Le 26 février, ISG rencontra le Secrétaire-Général de l'ONU, Ban Ki Moon. Leur entretien a porté sur l'indépendance du Kosovo, la participation des femmes aux processus de paix, le conflit israelo-palestinien, le changement climatique et l'égalité des droits entre les deux genres.

Le 29 février, un communiqué du Ministère annonçait l'intention du gouvernement de reconnaître le Kosovo comme État souverain et indépendant, sans que la date précise en soit fixée.

 

* Le Président de la République d'Islande à New-York (20 février)

Le Président de la République d'Islande, Olafur Ragnar Grimsson (aux attributions largement cérémonielles) a été le 20 février au siège des Nations-Unies à New-York l'invité d'honneur d'une réception donnée par la Représentation permanente de l'Islande; pour les 24 États ne disposant pas d'armée pour leur défense. Deux d'entre eux, Panama et le Costa-Rica, siègent actuellement, d'ailleurs, comme membres non permanents au Conseil de Sécurité. C'est à un tel siège que Reykjavik est candidate pour les années 2009-2010 et le Président islandais a, dans son allocution, souligné que le désarmement d'un État n'était pas incompatible avec l'exercice d'importantes responsabilités internationales.

 

ÉCONOMIE

A) Allocution du Premier ministre devant la « Chambre de Commerce »
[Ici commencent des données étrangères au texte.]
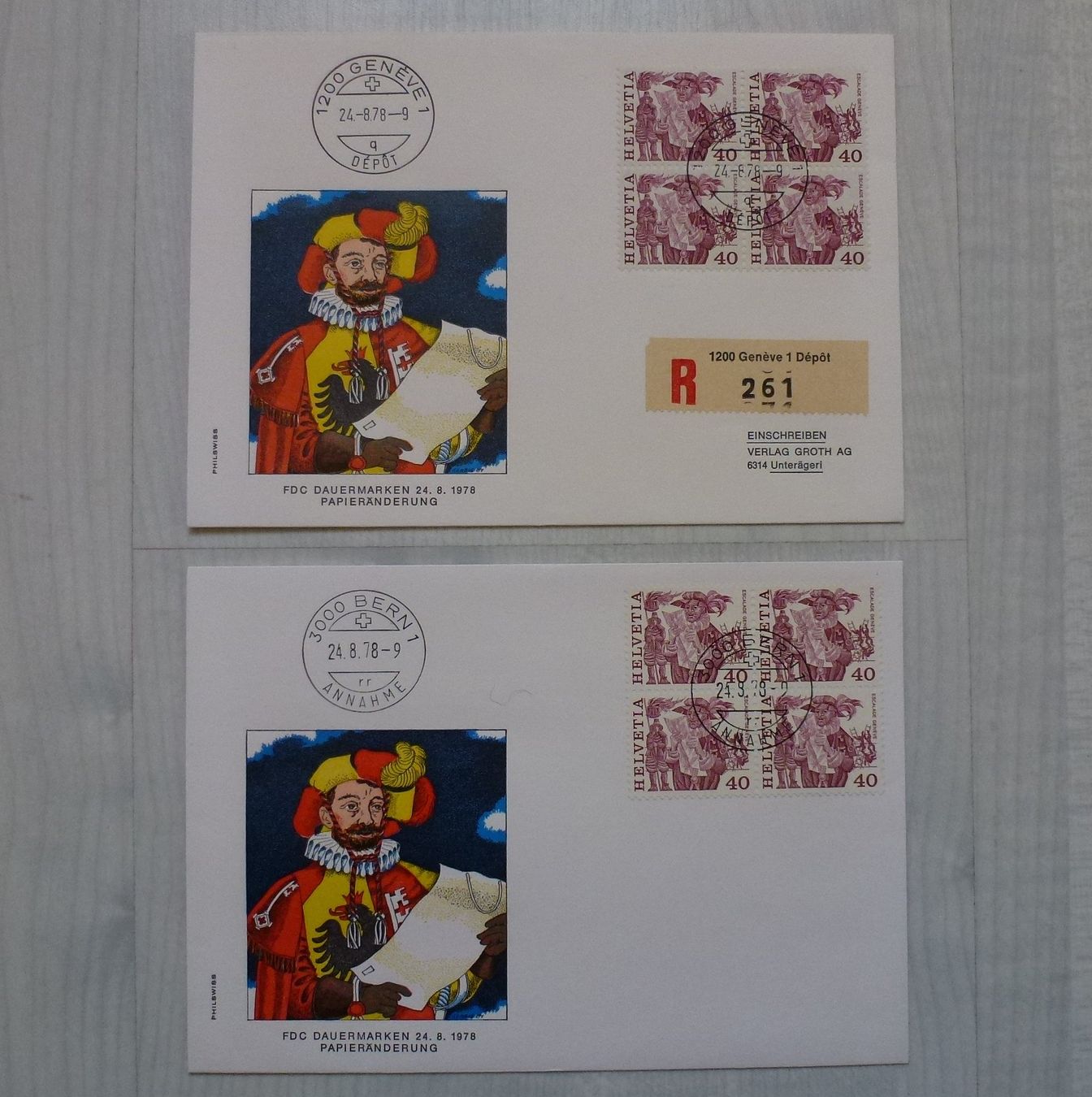 Tous les timbres: Lot ++ 6 FDC`s Papieränderung 1978 – D'occasion à Walkringen par Casablanca777 3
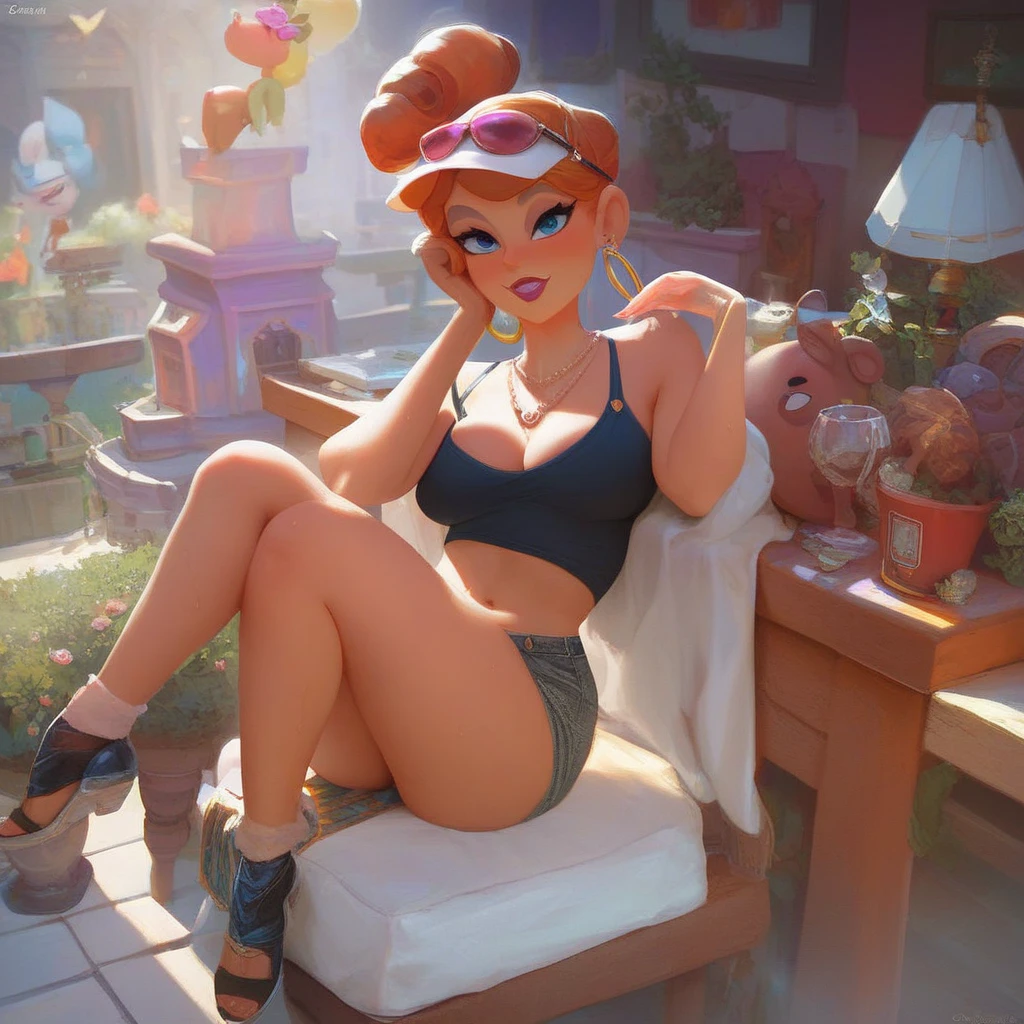 create a 3D movie poster inspired by Disney Pixar, The scene should be in Pixar's signature digital art style, com uma imagem caricatural que lembra a cantora brasileira "Anita" in the prone position, Wearing a bikini while a tattoo artist is sitting tattooing with a giant ring on one hand, inside a tattoo parlor.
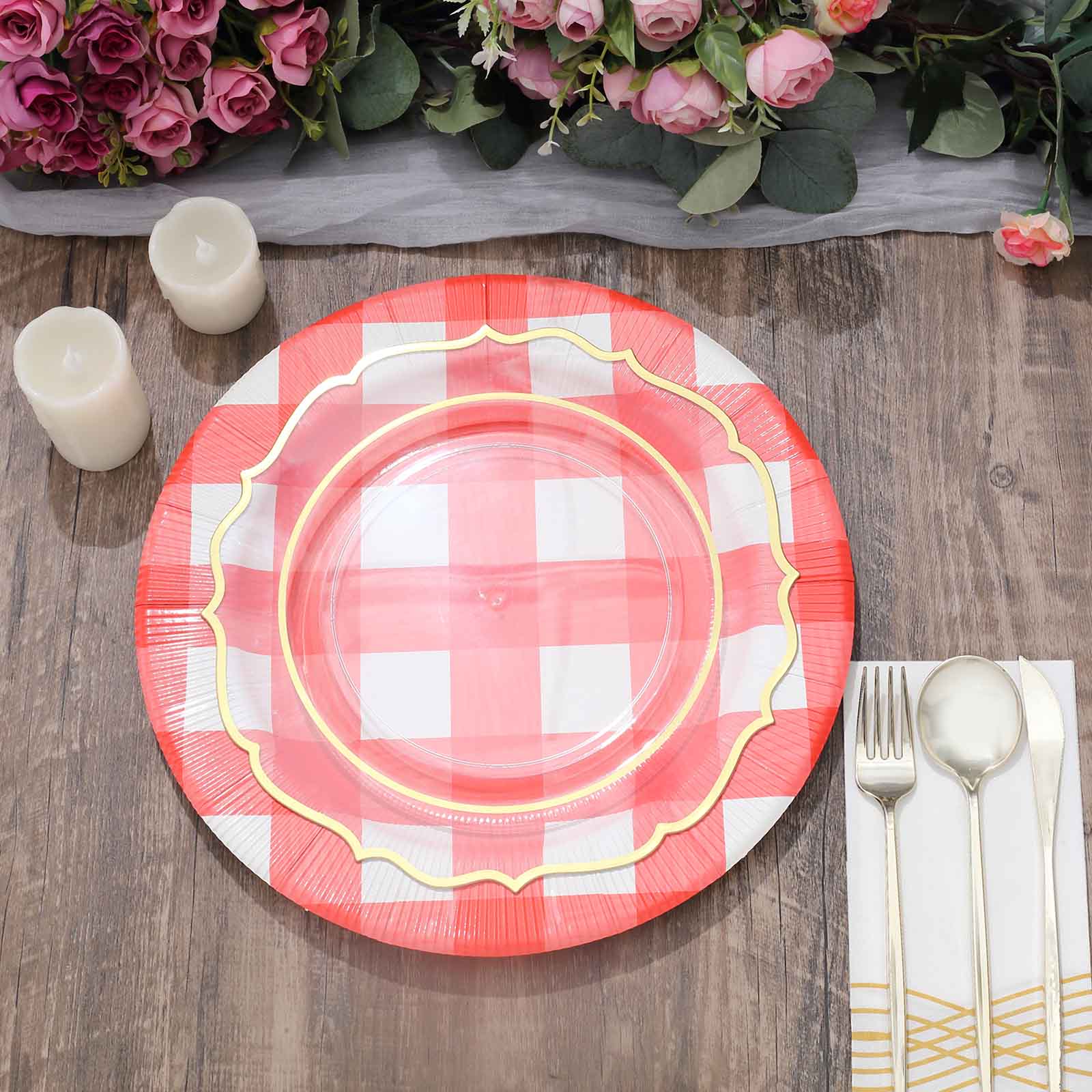 10-Pack Buffalo Plaid Paper Charger Plates – Red/White 13" Round Disposable Table Chargers, 350 GSM Cardstock - Image 2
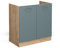 Vicco Spülenunterschrank R-Line, Blau-Grau/Goldkraft Eiche, 80 cm ohne Arbeitsplatte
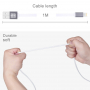 HAWEEL synchronizační a nabíjecí kabel s duálním 2v1 USB-A / Lightning / micro USB konektorem pro Apple a další zařízení - 1 m - bílý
Le 13 février, le Premier ministre Geir Haarde a, devant la Convention annuelle de la Chambre de Commerce, prononcé une longue allocution (voir le texte, en anglais, sur le Site Internet : http://eng.forsaetisraduneyti.is/), sur le thème  "La couronne islandaise : fardeau ou bouc-émissaire ?"

- Au départ, l'orateur a rappelé que la question du rattachement à la zone euro était depuis près de 10 ans évoquée en Islande. En 1998, un Comité d'experts, nommé par le Premier ministre d'alors, avait déjà exclu cette possibilité, dans le court terme, alors même que la monnaie unique n'était qu'en cours de création. Il avait surtout insisté sur la nécessité de renforcer la stabilité économique du pays. Les années qui suivirent furent marquées par une croissance constante du PIB, et des réformes structurelles -privatisation des banques, redéfinition des missions de la Banque Centrale, qui doit lutter contre l'inflation et ne fixe plus le taux de change de la couronne. En décembre 2005, l'Institut d'Économie de l'Université d'Islande, consulté par le gouvernement, conclut à l'efficacité de ces réformes, notamment sur le taux de change.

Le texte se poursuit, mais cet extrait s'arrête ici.